At one pond, pictured below, near Marquette’s Dead River, the rice unexpectedly flourished.
“The reason it worked there may be the lay of the land – it’s low and sheltered – and doesn’t provide a flyway in and out” for ducks and geese, Reed said.
“I found a rice worm in that pond – and some may say that finding a rice worm may be a bad thing because rice worms eat wild rice seeds – but I feel we have connected a broken strand,” Reed said believing it is just as important for the rice to be a food source.
“Wild rice feeds the fish and the birds – it’s reconnecting the torn elements of the web of life” that were broken since the grain disappeared from northern Michigan a century ago,” Reed said.
“I think it’s cutting-edge,” Reed said. “We are healing the Earth.”
The teens are also instructed – but not forced to participate – in non-denominational religious teachings and American Indian values about being respectful to adults, trustworthy citizens, positive role models to other youth, and good stewards to the environment.
The Manoomin Project falls under the umbrella of the Earth Keeper Initiative that is a faith-based coalition of adults, university students, and the leaders of 9 faith communities with 140 church/temples.
The KBIC participates in all Earth Keeper projects that include an annual “clean sweep” that has collected about 370 tons of household poisons and other waste that was turned in by about 15,000 U.P. residents at dozens of sites across northern Michigan on the past three Earth Days.
The Manoomin Project brings together northern Michigan’s white and Native American communities to break bread and honor nature.
The annual Blessing of the Wild Rice includes native foods, songs and ceremonies.
The northern Michigan teens learn to care about others, themselves and nature.
Looking at these polished teens it’s hard to believe they are considered “at-risk.”
Many say they have learned a lot from their experience with Native Americans and nature.
Manoomin Project founder Rev. Jon Magnuson, above, introduces the teens to the crowd during 2006 Blessing of the Wild Rice.
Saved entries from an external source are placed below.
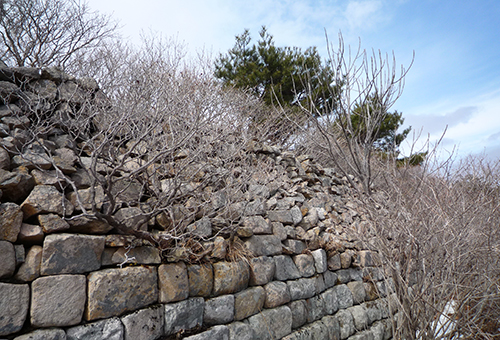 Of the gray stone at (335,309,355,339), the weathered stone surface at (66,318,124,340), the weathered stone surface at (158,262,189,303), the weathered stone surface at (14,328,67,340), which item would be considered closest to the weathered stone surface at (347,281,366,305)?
the gray stone at (335,309,355,339)

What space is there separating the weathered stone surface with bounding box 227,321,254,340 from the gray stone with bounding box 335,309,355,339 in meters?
1.53

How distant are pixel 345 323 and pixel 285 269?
122 cm

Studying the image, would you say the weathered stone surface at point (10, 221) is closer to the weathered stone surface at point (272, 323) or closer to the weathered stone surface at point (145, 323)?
the weathered stone surface at point (145, 323)

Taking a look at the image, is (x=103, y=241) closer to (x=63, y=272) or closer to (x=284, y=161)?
(x=63, y=272)

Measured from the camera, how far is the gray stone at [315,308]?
360 centimetres

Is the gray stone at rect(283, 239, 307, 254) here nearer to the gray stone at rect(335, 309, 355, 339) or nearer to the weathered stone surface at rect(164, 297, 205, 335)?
the gray stone at rect(335, 309, 355, 339)

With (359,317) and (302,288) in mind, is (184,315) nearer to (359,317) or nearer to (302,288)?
(302,288)

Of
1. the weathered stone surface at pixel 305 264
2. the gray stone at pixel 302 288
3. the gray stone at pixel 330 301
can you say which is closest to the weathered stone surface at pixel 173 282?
the gray stone at pixel 302 288

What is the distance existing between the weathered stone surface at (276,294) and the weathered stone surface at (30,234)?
7.11 feet

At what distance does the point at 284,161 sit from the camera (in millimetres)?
5621

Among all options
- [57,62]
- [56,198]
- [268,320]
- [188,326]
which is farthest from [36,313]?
Result: [57,62]

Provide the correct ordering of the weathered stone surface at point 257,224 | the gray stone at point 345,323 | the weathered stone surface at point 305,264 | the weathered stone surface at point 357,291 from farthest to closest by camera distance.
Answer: the weathered stone surface at point 357,291, the gray stone at point 345,323, the weathered stone surface at point 305,264, the weathered stone surface at point 257,224

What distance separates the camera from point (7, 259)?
2033 mm

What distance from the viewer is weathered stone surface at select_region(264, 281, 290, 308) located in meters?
3.22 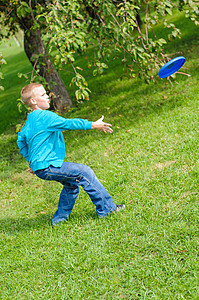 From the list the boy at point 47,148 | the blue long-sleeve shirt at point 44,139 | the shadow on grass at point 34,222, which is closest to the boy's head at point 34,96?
the boy at point 47,148

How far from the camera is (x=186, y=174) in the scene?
420 centimetres

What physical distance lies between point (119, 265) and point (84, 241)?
22.8 inches

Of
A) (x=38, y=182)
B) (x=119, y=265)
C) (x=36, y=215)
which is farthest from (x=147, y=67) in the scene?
(x=119, y=265)

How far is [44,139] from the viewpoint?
3.45 m

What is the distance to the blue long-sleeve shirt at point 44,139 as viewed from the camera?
3.34 m

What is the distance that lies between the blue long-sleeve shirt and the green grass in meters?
0.93

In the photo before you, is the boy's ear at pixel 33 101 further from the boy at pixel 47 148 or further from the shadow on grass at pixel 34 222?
the shadow on grass at pixel 34 222

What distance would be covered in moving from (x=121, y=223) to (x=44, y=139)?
1317mm

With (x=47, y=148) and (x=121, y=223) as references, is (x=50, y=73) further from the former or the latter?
(x=121, y=223)

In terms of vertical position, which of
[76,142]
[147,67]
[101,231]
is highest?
[147,67]

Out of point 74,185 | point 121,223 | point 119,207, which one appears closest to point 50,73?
point 74,185

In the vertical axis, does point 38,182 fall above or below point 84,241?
below

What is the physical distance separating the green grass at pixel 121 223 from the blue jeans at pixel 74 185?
14cm

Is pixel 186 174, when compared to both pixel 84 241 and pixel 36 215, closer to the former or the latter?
pixel 84 241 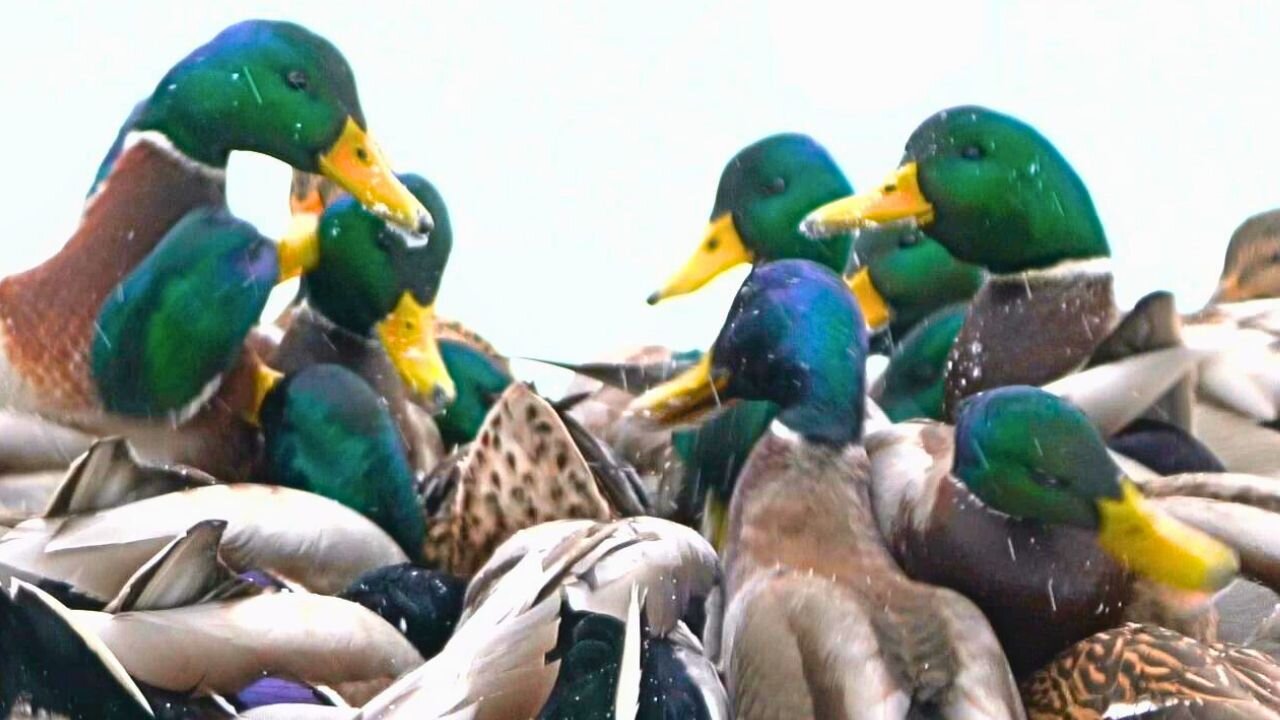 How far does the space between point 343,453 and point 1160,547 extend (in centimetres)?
131

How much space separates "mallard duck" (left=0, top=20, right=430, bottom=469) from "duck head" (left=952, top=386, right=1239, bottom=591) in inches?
43.4

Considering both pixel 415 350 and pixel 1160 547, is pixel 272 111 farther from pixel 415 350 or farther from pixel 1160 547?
pixel 1160 547

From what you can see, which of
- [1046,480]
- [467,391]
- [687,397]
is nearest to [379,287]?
[467,391]

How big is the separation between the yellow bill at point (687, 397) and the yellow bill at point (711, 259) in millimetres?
646

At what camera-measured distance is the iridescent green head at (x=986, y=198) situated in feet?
12.0

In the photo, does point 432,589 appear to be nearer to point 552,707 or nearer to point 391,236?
point 552,707

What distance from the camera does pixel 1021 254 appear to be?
3.71 meters

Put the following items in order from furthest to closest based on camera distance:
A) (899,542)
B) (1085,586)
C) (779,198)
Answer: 1. (779,198)
2. (899,542)
3. (1085,586)

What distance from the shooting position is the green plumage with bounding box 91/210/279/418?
3379 millimetres

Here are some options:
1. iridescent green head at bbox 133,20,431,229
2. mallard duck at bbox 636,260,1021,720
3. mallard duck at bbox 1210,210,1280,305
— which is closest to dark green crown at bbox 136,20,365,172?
iridescent green head at bbox 133,20,431,229

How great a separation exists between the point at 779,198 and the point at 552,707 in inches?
65.1

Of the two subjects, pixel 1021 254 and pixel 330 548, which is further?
pixel 1021 254

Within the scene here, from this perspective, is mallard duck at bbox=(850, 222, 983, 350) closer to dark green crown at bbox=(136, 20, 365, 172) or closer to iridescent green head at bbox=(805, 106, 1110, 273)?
iridescent green head at bbox=(805, 106, 1110, 273)

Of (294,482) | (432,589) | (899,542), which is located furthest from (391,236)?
(899,542) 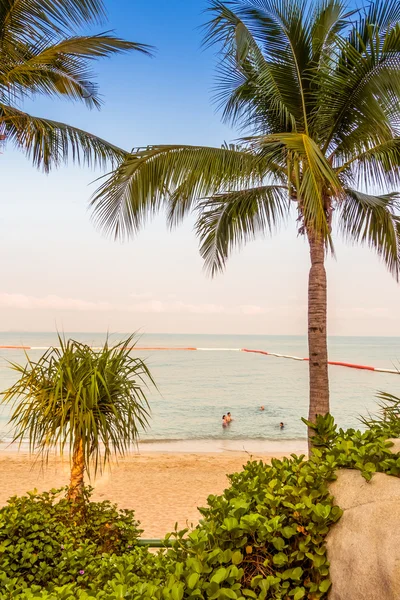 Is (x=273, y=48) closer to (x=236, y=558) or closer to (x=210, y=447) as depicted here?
(x=236, y=558)

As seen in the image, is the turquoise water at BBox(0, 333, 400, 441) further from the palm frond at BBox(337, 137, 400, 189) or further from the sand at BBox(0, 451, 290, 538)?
the sand at BBox(0, 451, 290, 538)

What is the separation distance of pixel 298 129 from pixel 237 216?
4.97 ft

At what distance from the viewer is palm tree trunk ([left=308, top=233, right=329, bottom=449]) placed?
18.0ft

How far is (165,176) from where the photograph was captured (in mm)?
5523

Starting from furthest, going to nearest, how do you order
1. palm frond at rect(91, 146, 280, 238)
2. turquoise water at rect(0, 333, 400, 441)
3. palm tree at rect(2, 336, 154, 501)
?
turquoise water at rect(0, 333, 400, 441), palm frond at rect(91, 146, 280, 238), palm tree at rect(2, 336, 154, 501)

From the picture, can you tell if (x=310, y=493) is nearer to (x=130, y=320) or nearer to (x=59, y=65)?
(x=59, y=65)

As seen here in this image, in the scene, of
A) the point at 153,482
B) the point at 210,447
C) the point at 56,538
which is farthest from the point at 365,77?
the point at 210,447

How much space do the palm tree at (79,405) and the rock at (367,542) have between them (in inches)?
99.2

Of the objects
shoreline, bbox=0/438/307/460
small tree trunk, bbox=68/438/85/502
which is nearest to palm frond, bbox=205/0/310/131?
small tree trunk, bbox=68/438/85/502

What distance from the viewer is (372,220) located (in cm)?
693

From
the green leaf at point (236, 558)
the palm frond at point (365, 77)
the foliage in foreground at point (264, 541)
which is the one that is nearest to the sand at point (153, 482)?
the foliage in foreground at point (264, 541)

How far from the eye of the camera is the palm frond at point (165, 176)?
17.9ft

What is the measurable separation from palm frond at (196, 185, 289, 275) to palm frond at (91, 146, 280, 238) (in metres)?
0.82

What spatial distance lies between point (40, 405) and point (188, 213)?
378 centimetres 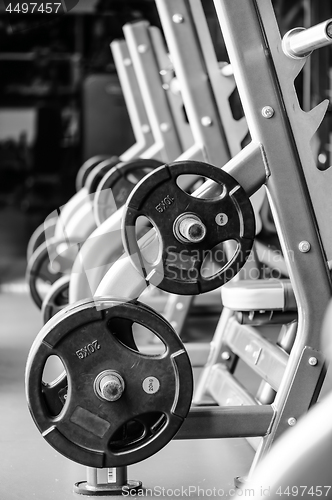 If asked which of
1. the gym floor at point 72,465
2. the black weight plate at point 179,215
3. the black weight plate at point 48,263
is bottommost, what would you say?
the gym floor at point 72,465

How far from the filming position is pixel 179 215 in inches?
58.4

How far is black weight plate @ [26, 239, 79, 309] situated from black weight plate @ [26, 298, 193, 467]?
5.15 ft

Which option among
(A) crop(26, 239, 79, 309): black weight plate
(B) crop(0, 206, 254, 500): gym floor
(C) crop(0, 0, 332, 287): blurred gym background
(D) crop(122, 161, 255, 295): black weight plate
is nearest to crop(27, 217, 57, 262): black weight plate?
(A) crop(26, 239, 79, 309): black weight plate

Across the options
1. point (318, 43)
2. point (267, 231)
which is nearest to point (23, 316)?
point (267, 231)

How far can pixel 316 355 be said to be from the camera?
156 centimetres

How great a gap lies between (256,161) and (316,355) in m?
0.45

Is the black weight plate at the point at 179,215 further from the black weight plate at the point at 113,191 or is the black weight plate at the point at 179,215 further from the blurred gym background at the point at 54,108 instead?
the blurred gym background at the point at 54,108

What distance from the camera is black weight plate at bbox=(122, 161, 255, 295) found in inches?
57.7

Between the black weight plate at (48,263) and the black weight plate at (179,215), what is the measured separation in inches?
61.7

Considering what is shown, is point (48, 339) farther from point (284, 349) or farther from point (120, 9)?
point (120, 9)

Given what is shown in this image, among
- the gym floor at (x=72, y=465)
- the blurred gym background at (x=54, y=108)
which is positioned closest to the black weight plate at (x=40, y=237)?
the gym floor at (x=72, y=465)

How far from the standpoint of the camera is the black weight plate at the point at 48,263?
9.96 feet

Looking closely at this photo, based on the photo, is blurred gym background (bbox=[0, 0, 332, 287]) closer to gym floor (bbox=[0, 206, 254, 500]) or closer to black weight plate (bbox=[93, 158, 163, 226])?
black weight plate (bbox=[93, 158, 163, 226])

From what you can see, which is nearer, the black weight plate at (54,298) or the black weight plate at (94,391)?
the black weight plate at (94,391) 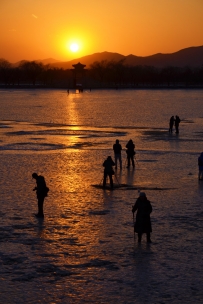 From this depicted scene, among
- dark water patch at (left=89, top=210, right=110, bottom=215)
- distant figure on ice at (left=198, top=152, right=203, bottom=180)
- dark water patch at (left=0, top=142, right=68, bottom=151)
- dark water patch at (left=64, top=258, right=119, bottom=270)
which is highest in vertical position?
distant figure on ice at (left=198, top=152, right=203, bottom=180)

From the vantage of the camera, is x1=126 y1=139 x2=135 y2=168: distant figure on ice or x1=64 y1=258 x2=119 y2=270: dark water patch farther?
x1=126 y1=139 x2=135 y2=168: distant figure on ice

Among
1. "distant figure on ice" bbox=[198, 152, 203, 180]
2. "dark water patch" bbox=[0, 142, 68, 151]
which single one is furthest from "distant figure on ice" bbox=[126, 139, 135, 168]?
"dark water patch" bbox=[0, 142, 68, 151]

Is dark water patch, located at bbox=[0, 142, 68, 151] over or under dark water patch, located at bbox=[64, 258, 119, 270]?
over

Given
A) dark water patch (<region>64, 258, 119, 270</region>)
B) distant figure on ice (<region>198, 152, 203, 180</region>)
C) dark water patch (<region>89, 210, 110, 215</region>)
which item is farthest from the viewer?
distant figure on ice (<region>198, 152, 203, 180</region>)

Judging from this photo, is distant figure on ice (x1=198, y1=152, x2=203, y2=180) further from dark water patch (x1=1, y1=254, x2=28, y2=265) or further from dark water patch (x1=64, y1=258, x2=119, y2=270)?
dark water patch (x1=1, y1=254, x2=28, y2=265)

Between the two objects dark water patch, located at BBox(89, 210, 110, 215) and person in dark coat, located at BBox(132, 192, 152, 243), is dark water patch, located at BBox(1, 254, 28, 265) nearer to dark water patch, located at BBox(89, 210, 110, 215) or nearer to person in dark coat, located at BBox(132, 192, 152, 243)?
person in dark coat, located at BBox(132, 192, 152, 243)

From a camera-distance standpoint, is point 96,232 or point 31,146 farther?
point 31,146

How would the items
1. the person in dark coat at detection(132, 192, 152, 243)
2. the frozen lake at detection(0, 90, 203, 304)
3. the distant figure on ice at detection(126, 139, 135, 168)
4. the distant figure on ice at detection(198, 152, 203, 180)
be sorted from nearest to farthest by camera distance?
the frozen lake at detection(0, 90, 203, 304), the person in dark coat at detection(132, 192, 152, 243), the distant figure on ice at detection(198, 152, 203, 180), the distant figure on ice at detection(126, 139, 135, 168)

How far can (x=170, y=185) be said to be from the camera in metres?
17.3

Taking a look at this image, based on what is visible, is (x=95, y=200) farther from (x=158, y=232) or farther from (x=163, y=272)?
(x=163, y=272)

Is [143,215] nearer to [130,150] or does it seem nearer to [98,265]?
[98,265]

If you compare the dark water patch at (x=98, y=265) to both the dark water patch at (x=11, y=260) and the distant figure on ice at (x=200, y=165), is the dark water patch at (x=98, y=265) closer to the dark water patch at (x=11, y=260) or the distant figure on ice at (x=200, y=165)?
the dark water patch at (x=11, y=260)

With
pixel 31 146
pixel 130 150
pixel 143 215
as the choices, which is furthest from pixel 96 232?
pixel 31 146

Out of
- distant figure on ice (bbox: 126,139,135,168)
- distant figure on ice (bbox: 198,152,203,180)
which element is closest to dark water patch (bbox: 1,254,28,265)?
distant figure on ice (bbox: 198,152,203,180) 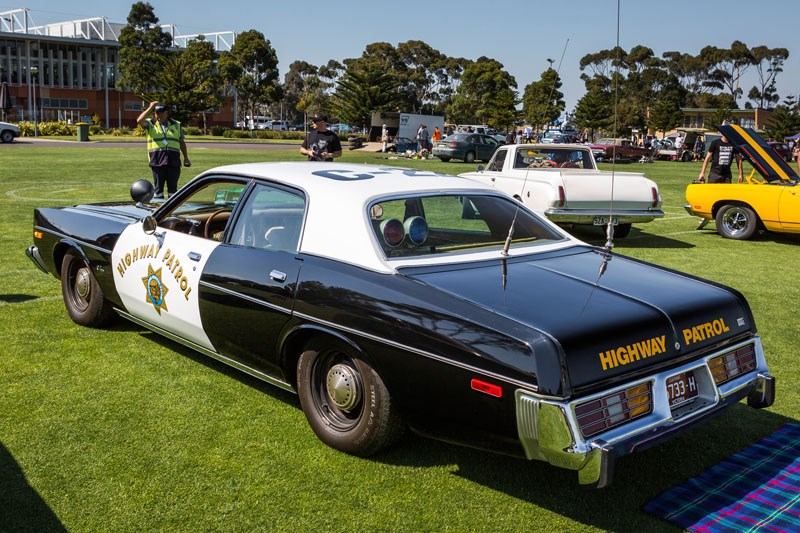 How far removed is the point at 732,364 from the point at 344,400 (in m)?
1.91

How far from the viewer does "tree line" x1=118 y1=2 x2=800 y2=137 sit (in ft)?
217

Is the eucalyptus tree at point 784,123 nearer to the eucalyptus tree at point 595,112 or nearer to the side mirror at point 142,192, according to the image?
the eucalyptus tree at point 595,112

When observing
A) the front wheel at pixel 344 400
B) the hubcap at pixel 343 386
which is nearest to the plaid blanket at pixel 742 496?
the front wheel at pixel 344 400

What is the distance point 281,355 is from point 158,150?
7751mm

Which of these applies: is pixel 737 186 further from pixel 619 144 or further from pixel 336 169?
pixel 619 144

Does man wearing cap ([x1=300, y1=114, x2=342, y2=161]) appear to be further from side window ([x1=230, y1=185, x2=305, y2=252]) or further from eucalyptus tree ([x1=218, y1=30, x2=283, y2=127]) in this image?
eucalyptus tree ([x1=218, y1=30, x2=283, y2=127])

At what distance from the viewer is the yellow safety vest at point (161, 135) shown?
10922mm

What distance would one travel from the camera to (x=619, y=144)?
46.5 m

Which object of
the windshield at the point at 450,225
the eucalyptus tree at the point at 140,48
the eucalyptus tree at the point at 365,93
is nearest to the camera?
the windshield at the point at 450,225

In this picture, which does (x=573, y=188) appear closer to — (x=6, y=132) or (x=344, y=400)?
(x=344, y=400)

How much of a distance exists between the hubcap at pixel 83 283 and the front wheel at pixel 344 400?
8.34ft

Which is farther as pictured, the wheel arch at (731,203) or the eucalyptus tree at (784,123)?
the eucalyptus tree at (784,123)

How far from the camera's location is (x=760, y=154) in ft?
41.1

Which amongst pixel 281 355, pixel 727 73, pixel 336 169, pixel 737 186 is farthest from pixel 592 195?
pixel 727 73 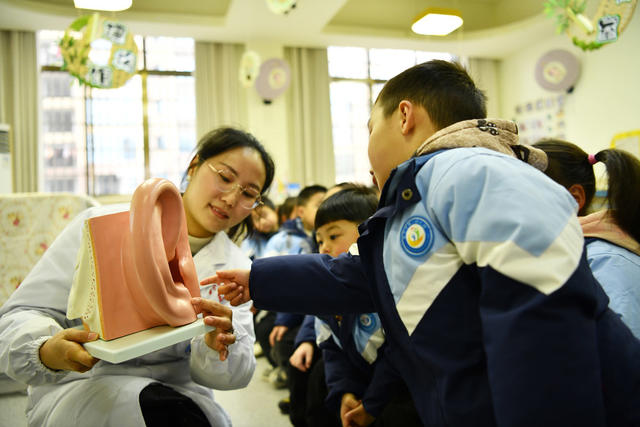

As northern Michigan teens embark down the long and sometimes dangerous road of life, they take with them Native American knowledge learned during the Manoomin Project.
That wisdom includes treating each other with kindness and respect, and honoring nature and God for all the gifts that come their way.
The End of the Manoomon Project is really a Beginning:
The end of the four-year Manoomin Project in northern Michigan closes the doors on this chapter of the wild rice resoration project but it’s the start of the road for the teens who learned valuable life lessons from their Native American guides.
Thank you to the hundreds of teens, volunteers, donors and our American Indian friends who helped make it a success.